◆ Description of the task
Repeat only the stretch of lines below that runs from the line with "Wiemann Kairns 6" through the line with "Pink Flower - Stained", unaltered.

Short descriptive text snippets:
☆ ☆ ☆ ☆ ☆

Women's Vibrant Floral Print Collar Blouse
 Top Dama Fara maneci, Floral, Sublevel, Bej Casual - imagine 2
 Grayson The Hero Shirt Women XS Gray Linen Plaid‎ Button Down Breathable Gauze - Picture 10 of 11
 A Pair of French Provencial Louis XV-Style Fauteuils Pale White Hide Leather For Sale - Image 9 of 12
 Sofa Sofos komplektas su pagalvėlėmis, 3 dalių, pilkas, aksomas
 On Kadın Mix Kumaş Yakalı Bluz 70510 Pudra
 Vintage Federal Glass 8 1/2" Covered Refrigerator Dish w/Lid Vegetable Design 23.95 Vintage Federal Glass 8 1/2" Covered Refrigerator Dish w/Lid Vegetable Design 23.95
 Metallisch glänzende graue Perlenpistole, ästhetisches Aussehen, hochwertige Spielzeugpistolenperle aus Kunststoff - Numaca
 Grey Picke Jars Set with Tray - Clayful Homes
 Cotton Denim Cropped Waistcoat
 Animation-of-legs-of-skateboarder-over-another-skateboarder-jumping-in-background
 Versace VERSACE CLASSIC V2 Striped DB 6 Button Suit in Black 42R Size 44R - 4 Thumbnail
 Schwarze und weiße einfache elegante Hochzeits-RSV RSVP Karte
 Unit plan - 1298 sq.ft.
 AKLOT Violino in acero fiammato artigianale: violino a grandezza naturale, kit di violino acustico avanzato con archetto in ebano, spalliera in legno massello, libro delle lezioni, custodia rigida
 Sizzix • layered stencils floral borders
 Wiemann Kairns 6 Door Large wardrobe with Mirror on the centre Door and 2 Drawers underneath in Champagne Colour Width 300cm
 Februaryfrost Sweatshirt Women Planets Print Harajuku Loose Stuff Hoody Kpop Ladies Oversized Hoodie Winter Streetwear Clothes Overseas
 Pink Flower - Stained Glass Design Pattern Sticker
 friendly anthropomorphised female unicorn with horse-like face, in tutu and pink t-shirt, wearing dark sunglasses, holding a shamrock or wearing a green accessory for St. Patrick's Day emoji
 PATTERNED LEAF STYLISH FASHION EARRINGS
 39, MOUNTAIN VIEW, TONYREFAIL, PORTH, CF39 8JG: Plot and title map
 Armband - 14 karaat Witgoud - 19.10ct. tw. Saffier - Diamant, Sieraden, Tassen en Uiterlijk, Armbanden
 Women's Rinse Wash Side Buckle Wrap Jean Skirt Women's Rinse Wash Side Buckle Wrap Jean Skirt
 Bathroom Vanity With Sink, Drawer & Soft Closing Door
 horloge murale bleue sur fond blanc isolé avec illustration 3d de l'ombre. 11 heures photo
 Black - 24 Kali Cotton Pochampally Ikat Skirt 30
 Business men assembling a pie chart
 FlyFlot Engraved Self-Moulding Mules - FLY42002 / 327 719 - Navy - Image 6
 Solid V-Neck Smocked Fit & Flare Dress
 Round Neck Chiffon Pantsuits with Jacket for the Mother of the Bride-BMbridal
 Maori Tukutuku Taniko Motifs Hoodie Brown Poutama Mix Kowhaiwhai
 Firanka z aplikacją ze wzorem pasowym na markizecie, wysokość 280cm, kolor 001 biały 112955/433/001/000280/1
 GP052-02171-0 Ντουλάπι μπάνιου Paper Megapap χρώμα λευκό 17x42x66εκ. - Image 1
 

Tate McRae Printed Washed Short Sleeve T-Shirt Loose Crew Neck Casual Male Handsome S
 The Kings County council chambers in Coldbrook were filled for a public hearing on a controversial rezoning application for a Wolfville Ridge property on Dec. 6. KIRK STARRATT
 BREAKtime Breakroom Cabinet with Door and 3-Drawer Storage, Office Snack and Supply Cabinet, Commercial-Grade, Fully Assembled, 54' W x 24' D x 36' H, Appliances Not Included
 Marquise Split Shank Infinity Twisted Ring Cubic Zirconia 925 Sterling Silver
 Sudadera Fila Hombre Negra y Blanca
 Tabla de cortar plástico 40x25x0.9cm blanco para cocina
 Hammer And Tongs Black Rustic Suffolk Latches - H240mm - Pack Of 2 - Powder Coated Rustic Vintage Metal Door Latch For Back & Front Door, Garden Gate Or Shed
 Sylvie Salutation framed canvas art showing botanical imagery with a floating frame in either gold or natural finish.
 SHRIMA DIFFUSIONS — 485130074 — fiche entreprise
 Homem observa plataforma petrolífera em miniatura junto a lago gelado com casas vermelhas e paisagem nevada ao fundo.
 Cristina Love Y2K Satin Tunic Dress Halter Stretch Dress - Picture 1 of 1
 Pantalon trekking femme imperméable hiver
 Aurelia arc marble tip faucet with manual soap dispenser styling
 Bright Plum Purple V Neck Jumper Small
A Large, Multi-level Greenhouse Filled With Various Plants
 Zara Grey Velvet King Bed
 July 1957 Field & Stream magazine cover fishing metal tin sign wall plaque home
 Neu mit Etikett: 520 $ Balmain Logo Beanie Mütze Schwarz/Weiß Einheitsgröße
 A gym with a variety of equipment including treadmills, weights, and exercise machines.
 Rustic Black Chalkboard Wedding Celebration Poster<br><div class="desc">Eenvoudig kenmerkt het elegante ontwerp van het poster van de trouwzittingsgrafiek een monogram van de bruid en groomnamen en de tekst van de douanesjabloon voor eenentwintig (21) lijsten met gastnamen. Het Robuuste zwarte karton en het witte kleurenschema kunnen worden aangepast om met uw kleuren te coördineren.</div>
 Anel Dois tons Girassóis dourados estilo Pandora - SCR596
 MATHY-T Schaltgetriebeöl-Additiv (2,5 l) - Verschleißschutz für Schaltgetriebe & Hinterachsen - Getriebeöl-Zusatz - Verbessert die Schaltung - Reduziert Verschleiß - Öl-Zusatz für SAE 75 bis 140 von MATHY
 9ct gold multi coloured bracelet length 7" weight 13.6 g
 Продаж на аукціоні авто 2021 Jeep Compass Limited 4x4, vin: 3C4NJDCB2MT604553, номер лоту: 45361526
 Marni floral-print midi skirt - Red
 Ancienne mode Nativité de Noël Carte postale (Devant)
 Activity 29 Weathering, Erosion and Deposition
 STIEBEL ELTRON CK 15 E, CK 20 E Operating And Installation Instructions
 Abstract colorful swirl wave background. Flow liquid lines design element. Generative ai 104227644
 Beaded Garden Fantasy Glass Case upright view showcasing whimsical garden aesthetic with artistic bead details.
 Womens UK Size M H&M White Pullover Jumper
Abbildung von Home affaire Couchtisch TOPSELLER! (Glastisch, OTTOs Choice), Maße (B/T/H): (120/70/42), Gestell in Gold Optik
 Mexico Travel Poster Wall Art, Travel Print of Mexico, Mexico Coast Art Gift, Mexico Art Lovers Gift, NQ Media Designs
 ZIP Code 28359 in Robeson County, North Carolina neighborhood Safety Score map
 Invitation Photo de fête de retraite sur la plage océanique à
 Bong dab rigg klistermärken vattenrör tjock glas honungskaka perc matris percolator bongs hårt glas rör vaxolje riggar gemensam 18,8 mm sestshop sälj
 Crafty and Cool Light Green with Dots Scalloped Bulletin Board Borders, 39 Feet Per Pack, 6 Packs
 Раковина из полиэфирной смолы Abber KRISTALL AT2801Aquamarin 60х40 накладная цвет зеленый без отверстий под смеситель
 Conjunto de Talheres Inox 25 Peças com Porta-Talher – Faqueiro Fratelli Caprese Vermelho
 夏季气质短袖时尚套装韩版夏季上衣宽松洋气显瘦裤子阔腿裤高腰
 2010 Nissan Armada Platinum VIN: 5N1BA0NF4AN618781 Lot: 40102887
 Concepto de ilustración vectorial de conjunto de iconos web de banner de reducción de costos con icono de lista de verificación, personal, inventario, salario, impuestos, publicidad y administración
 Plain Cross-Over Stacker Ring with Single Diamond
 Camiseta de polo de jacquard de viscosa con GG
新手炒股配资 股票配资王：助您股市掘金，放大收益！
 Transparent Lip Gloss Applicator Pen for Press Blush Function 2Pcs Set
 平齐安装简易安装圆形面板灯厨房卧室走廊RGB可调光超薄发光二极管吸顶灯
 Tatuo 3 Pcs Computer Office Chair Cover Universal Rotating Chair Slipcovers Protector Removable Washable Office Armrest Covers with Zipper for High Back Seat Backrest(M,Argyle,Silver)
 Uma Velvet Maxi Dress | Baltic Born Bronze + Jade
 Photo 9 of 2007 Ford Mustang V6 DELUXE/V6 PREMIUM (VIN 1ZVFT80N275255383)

☆ ☆ ☆ ☆ ☆

◆ Task output
 Wiemann Kairns 6 Door Large wardrobe with Mirror on the centre Door and 2 Drawers underneath in Champagne Colour Width 300cm
 Februaryfrost Sweatshirt Women Planets Print Harajuku Loose Stuff Hoody Kpop Ladies Oversized Hoodie Winter Streetwear Clothes Overseas
 Pink Flower - Stained Glass Design Pattern Sticker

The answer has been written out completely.